Tout ce que nous savons, cependant, de la guerre, nous a été conté par des hommes. Nous sommes prisonniers d’images « masculines » et de sensations « masculines » de la guerre. De mots « masculins ». Les femmes se réfugient toujours dans le silence, et si d’aventure elles se décident à parler, elles racontent non par leur guerre, mais celle des autres. Elles adoptent un langage qui n’est pas le leur. Se conforment à l’immuable modèle masculin. Et ce n’est que dans l’intimité de leur maison ou bien entourées d’anciennes camarades du front, qu’après avoir essuyé quelques larmes elles évoquent devant vous une guerre (j’en ai entendu plusieurs récits au cours de mes expéditions journalistiques) à vous faire défaillir le cœur. Votre âme devient silencieuse et attentive : il ne s’agit plus d’événements lointains et passés, mais d’une science et d’une compréhension de l’être humain dont on a toujours besoin.

Malgré les énormes complications, les peines immenses, les innombrables obstacles, elles ont réussi à survivre. Dans un monde qui se pense uniquement sur le mode masculin, elles sont dignes d’admiration. Leurs récits sont divers et très émouvants, chacune l’étant à sa façon, selon le contexte explicité.

Je leur posais des questions sur la mort, et elles me parlaient de la vie. Et mon livre, ainsi que je m’en rends compte à présent, est un livre sur la vie, et non sur la guerre. Un livre sur le désir de vivre…

L’autrice, on le voit dans son premier ouvrage, savait déjà excellemment mettre en valeur les témoignages de ces femmes en les retranscrivant avec son écriture poétique, qui souligne la face dramatique de leur vécu mais aussi les quelques petits bonheurs qu’elles ont connu.

Un livre nécessaire à lire car il fait découvrir d’autres faces de la Seconde Guerre mondiale, celles qu’on a voulu effacer. Il rend aussi hommage à ces femmes dont la contribution essentielle n’a pas été reconnue à sa juste valeur, réparant ainsi une injustice et une absence flagrantes.

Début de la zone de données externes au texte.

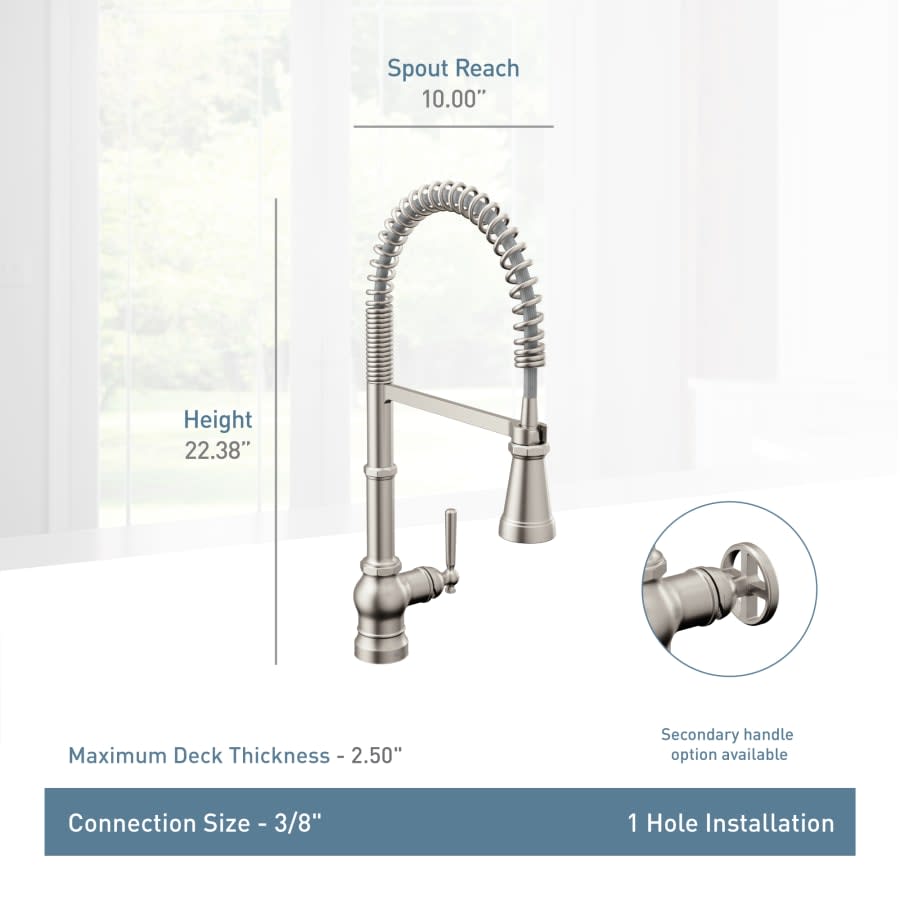 Paterson 1.5 GPM Single Hole Pre-Rinse Pull Down Kitchen Faucet with Power Boost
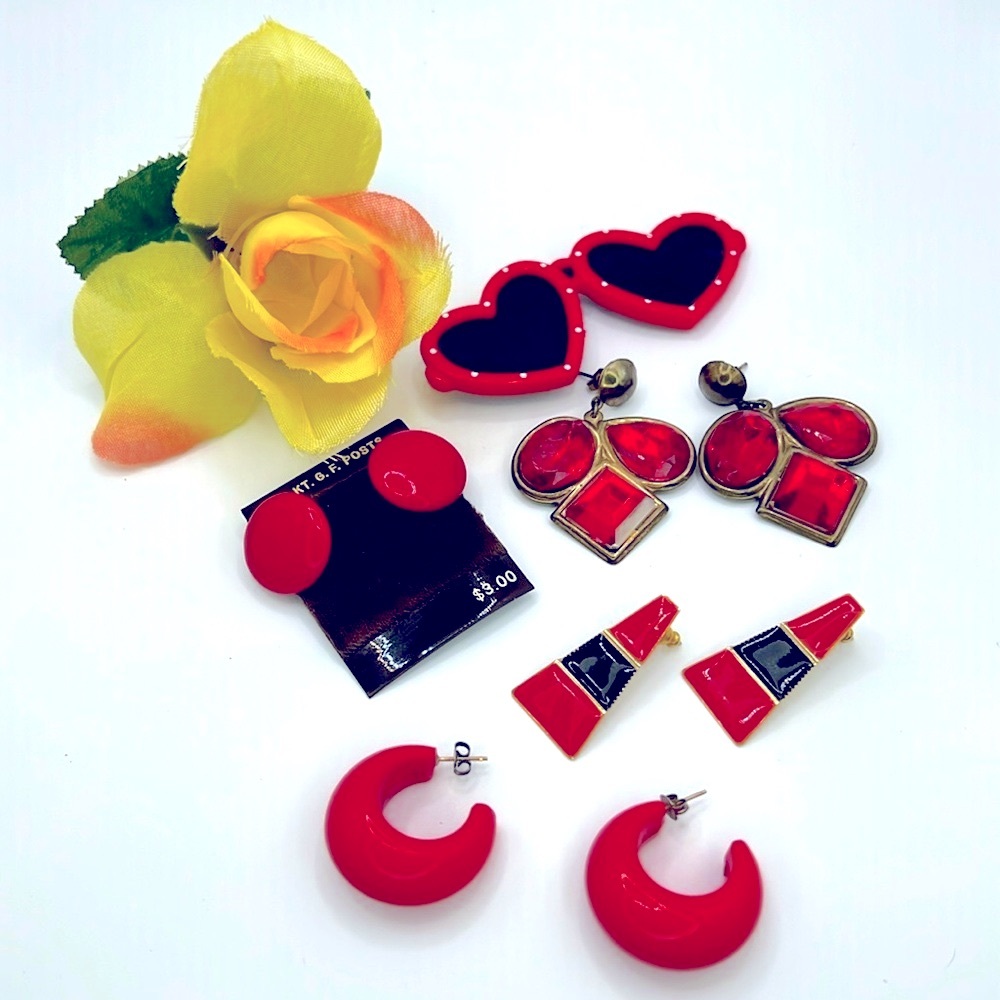 Lot Red Earrings, Red Heart Brooch Vintage, Metal and Plastic 80s 90s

5 réflexions sur “La guerre n’a pas un visage de femme, de Svetlana Alexievitch

  1. Il faudrait que je le lise ! C’est vrai quand elle dit que le récit de la guerre est raconté au masculin.
    Cela me rappelle un truc similaire à propos des traités de paix. Pourquoi les civils n’y sont jamais conviés ? Pourquoi seule l’armée est en charge de cela ? Et bien sûr derrière il y a le fait de ne surtout pas inclure les femmes au traité signé pourtant ce sont elles qui font tourner la machine quand ces messieurs jouent à la guéguerre !
    Pourquoi sur les monuments aux morts on ne voit jamais les noms de ces femmes qui ont sacrifié leur vie sur le front et ailleurs ? Seuls les hommes sont dignes d’intérêt.
    Cela me fait aussi penser à toutes ces femmes qui ont oeuvré dans la Résistance. Quand on réfléchit un peu, la grande majorité des hommes sont partis à la guerre et ont été faits prisonniers ou envoyer en STO. Qui reste ? les femmes. Alors qu’on arrête de me dire que les femmes ont eu qu’un petit rôle dans la résistance !
    Tout ça soulève un vaste débat sur l’invisibilisation du rôle des femmes dans l’Histoire !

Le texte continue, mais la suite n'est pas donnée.